- _PROBLEM STATEMENT_
Reproduce the listing below in full and without alteration, apart from its pictures.

- _SUPPLIED DATA_
======
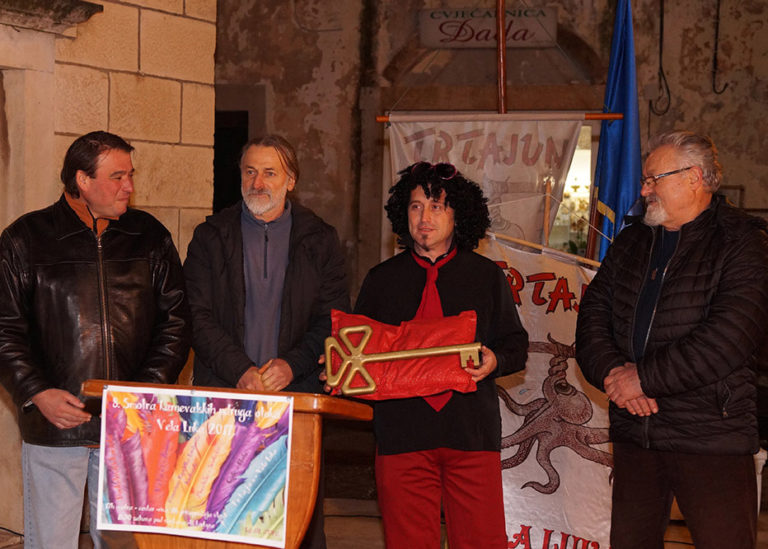 8. Smotra karnevalskih udruga otoka i primopredaja vlasti u Veloj Luci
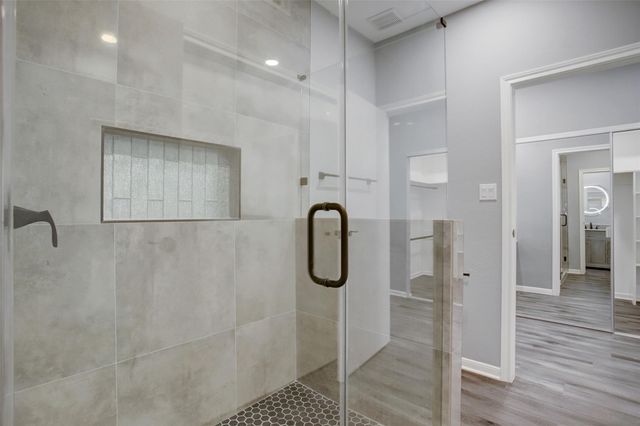 11711 Memorial Drive 572, Houston, TX 77024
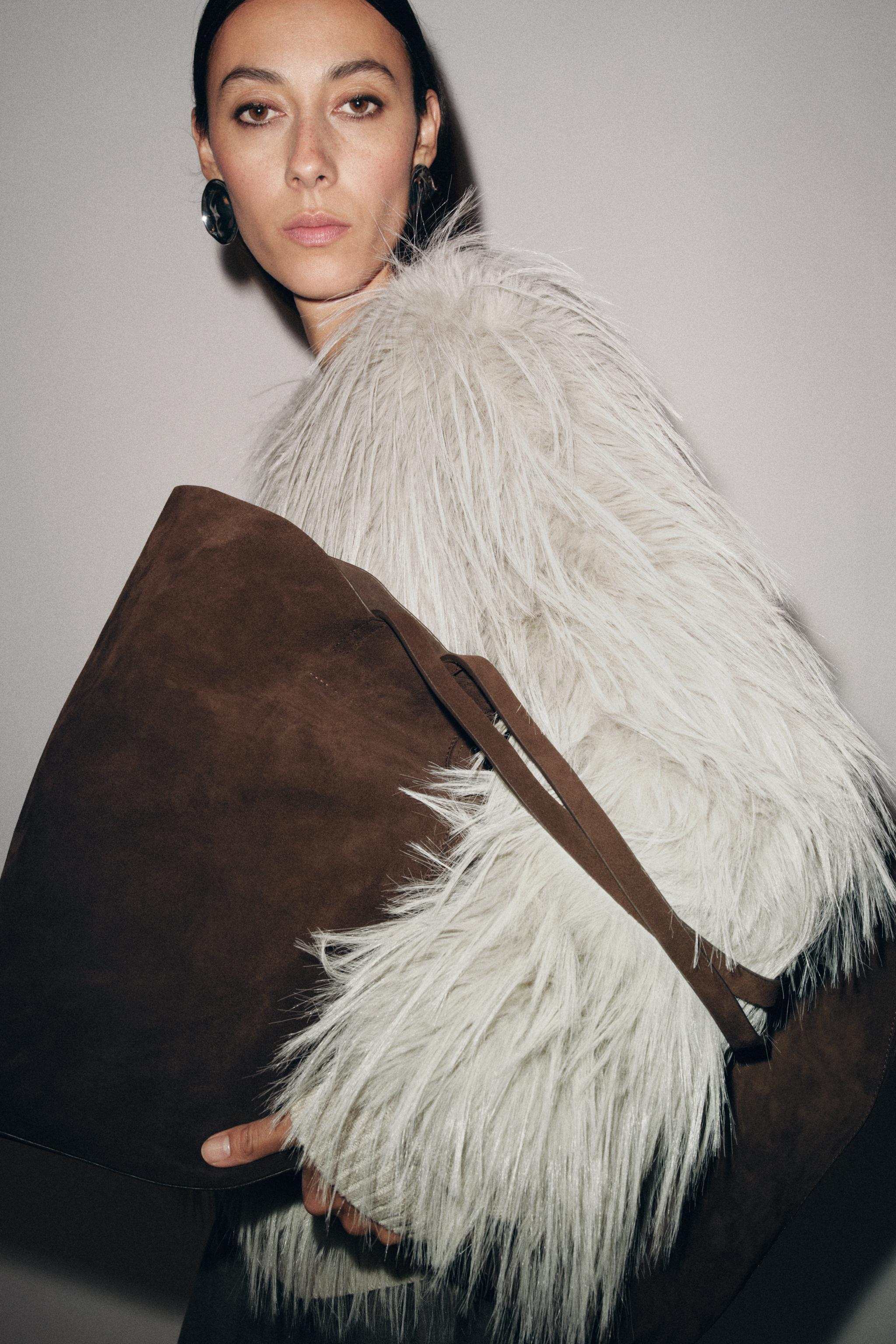 SAC MAXI SHOPPER EN CUIR VELOURS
======
- _RESPONSE_
 8. Smotra karnevalskih udruga otoka i primopredaja vlasti u Veloj Luci
 11711 Memorial Drive 572, Houston, TX 77024
 SAC MAXI SHOPPER EN CUIR VELOURS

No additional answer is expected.